1 وَعَدَ, aor. ـِ inf. n. وَعْدٌ and عِدَةٌ, (S, L, Msb, K,) [in which the ة is a substitute for the elided و,] or the latter is a quasi-inf. n., (L,) and مَوْعِدٌ and مَوْعِدَةٌ, (L, Msb, K,) or the last is a quasi-inf. n., (L,) and مَوْعُودٌ and مَوْعُودَةٌ, (L, K,) the last two being instances of inf. ns. of the measures مَفْعُولٌ and مَفْعوُلَةٌ, (L,) He promised. (TA.) It is trans. immediately, and by means of the prep. ب; (L, Msb, K;) but some say that the ب is redundant in this case; and most of the lexicologists disallow it with this form of the verb, allowing it only with أَوْعَدَ. (TA.) It is also used with reference to good and evil: (S, L, Msb, K:) you say وَعَدَهُ خَيْرًا [He promised him good]: and وَعَدَهُ شَرًّا (tropical:) [He threatened him with evil]: (Fr, Fs, S, L, Msb, K, &c.:) and, [accord. to some,] وعده بِخَيْرٍ, and بِشَرّ. (IKoot, Msb.) When neither good nor evil is mentioned, if you mean the former, you say وَعَدَ [He promised good]: and if you mean the latter, ↓ أَوْعَدَ, (Fr, T, S, L, Msb, K,) inf. n. إِيعَادٌ, with which وَعِيدٌ is syn., (S, L, Msb, K,) being one irregular inf. n., [or quasiinf. n.,] (Msb,) [He threatened,] or threatened with, evil]; and ↓ أَوْعَدَهُ [He threatened him, menaced him, or threatened him with evil]; (Msb;) as also ↓ توعّدهُ, (L, Msb,) inf. n. تَوَعُّدٌ; (S, L, K;) and ↓ اتّعدهُ. (L.) You also say خَيْرًا ↓ اوعد [He promised good]; (IAar, T, ISd, Msb, K;) but this is extr.: (L:) and بِشَرٍّ ↓ اوعد [He threatened, or threatened with, evil]: (S, L, Msb, K:) when ب is introduced after this form of the verb, it relates only to evil: (Fs, Msb:) but you also say شَرًّا ↓ اوعده. (Msb.) b2: Failure of performance, with respect to a promise, the Arabs regard as a lie; but with regard to a threat, as generosity. A poet says, وَإِنِّى وَإِنْ أَوْعَدْتُهُ أَوْ وَعَدْتُهُ لَمُــخْلِفُ إِيعَادِى وَمُنْجِزُ مَوْعِدِى

[And verily I, if I threaten him or promise him, fail to perform my threat, but fulfil my promise]. (Msb.) Nay, they do not apply the term خُلْفٌ to the failure of performing a threat. (TA.) b3: يَوْمُنَا يَعِدُ بَرْدًا (tropical:) Our day promises cold. (L.) b4: وَعَدَتِ الأَرض (tropical:) The land promised good produce. (A.) b5: وَاعَدَهُ فَوَعَدَهُ: see 3.3 واعدهُ, inf. n. مُوَاعَدَةٌ, He promised him, the latter doing the same to him. (Aboo-Mo'ádh, L.) b2: وَاعَدَهُ فَوَعَدَهُ He vied with him in promising, and surpassed him therein, by promising more. (L, K. *) b3: وَاعَدهُ الوقْتَ, and المَوْضِعَ, [He appointed with him the time, and the place]. (L, K.) أَوْعَدَنِى مَوْعِدًا is a vulgar mistake. (Aboo-Bekr, L.) 4 أَوْعَدَ see 1 throughout.

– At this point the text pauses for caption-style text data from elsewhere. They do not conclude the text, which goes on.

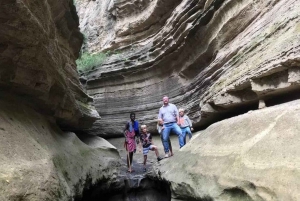 Групповая однодневная экскурсия в заповедник Хеллс-Гейт и к озеру Найваша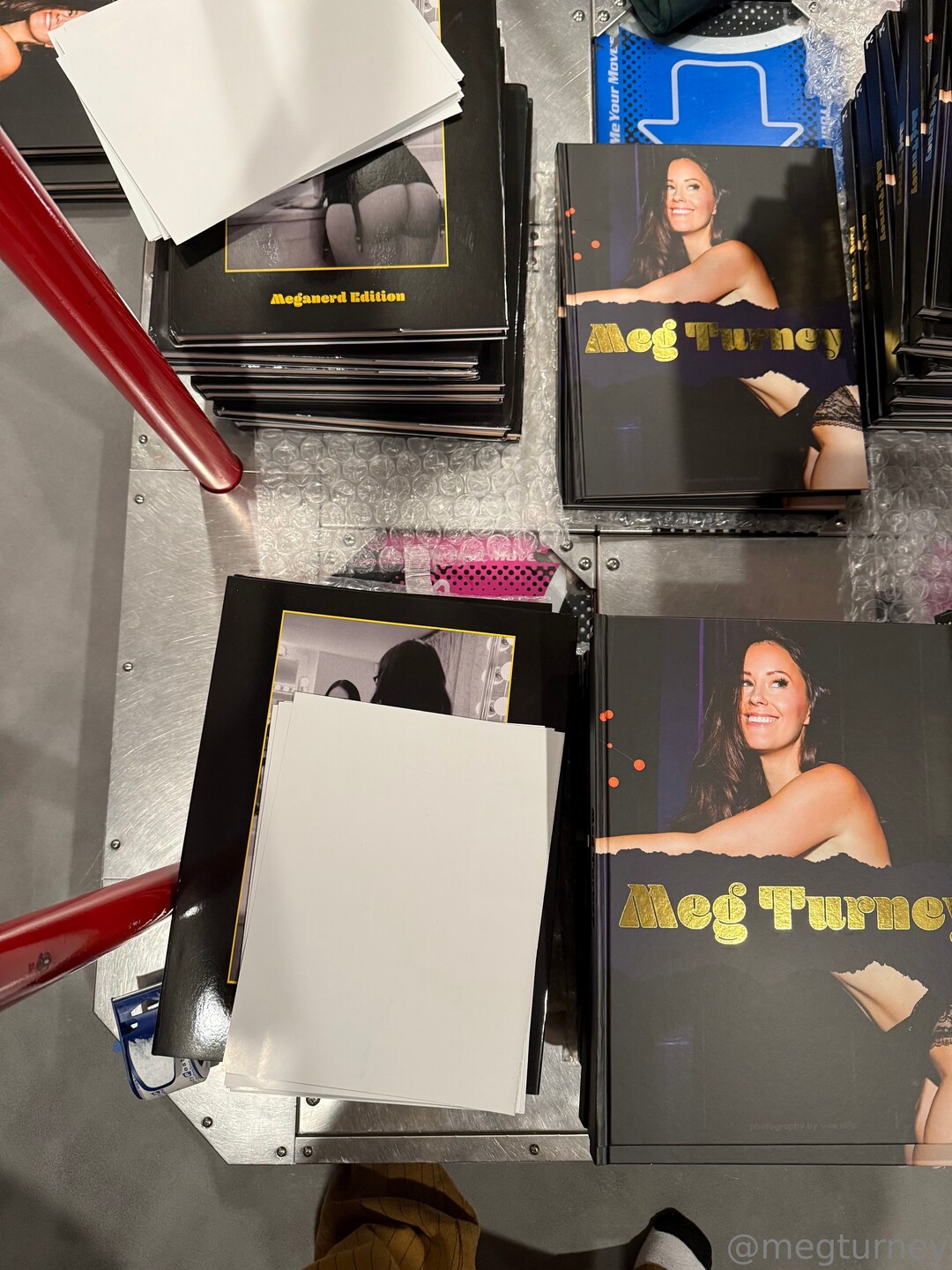 Megturney adult model pic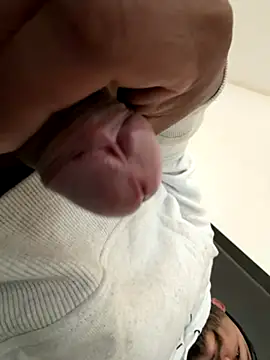 joselo8888 online show from December 2025 09:10:02 PM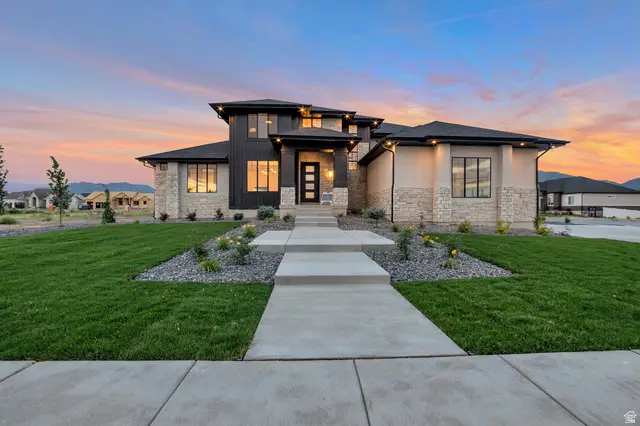 165 S Farmhouse Cir, Kaysville, UT 84037 - #1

A2: اوعد, (A, L,) inf. n. إِيعَادٌ, (L,) in the sense of which وَعِيدٌ is also used [as a quasi-inf. n.], (S, A, L, K) (tropical:) He (a stallion-camel) brayed, (هَدَرَ, S, A, &c.) on his being about to attack and fight with other camels. (S, A, L.) 5 تَوَعَّدَ see 1.6 تواعدوا and ↓ اتّعدوا signify the same, [They promised one another]: (K *, TA:) or the former relates to good, (S, Msb, K,) signifying they promised one another something good: (S, Msb,) and the latter, to evil, (S, L, K,) signifying they threatened one another: (L:) and this distinction is commonly admitted and observed. (TA.) b2: تَواَعَدْنَا المَوْضِعَ, [and الوَقْتَ, We appointed mutually the place, and the time]. (Msb.) 8 اتّعد, (A,) [aor. ـّ inf. n. إِتِّعَادٌ, (S, L, K,) He accepted a promise: (S, A, L, K:) originally إِوْتَعَدَ; the و being changed into ت and then incorporated [into the augmentative ت]: some persons say ائْتَعَدَ, aor. ـْ (inf. n. ائْتِعَادٌ, TA) and pronounce the act. part. n. مُؤْتَعِدٌ, with ء; (S, L, K;) like as they say يَأْتَسِرُ: (S, L:) but [if they do not change the و into ت] they should say إِيتَعَدَ, and يَاتَعِدُ, and مُوتَعِدٌ, without وَعُدَ. (IB, L.) b2: Also, He confided in the promise of another. (L.) b3: See also 1: b4: and 6.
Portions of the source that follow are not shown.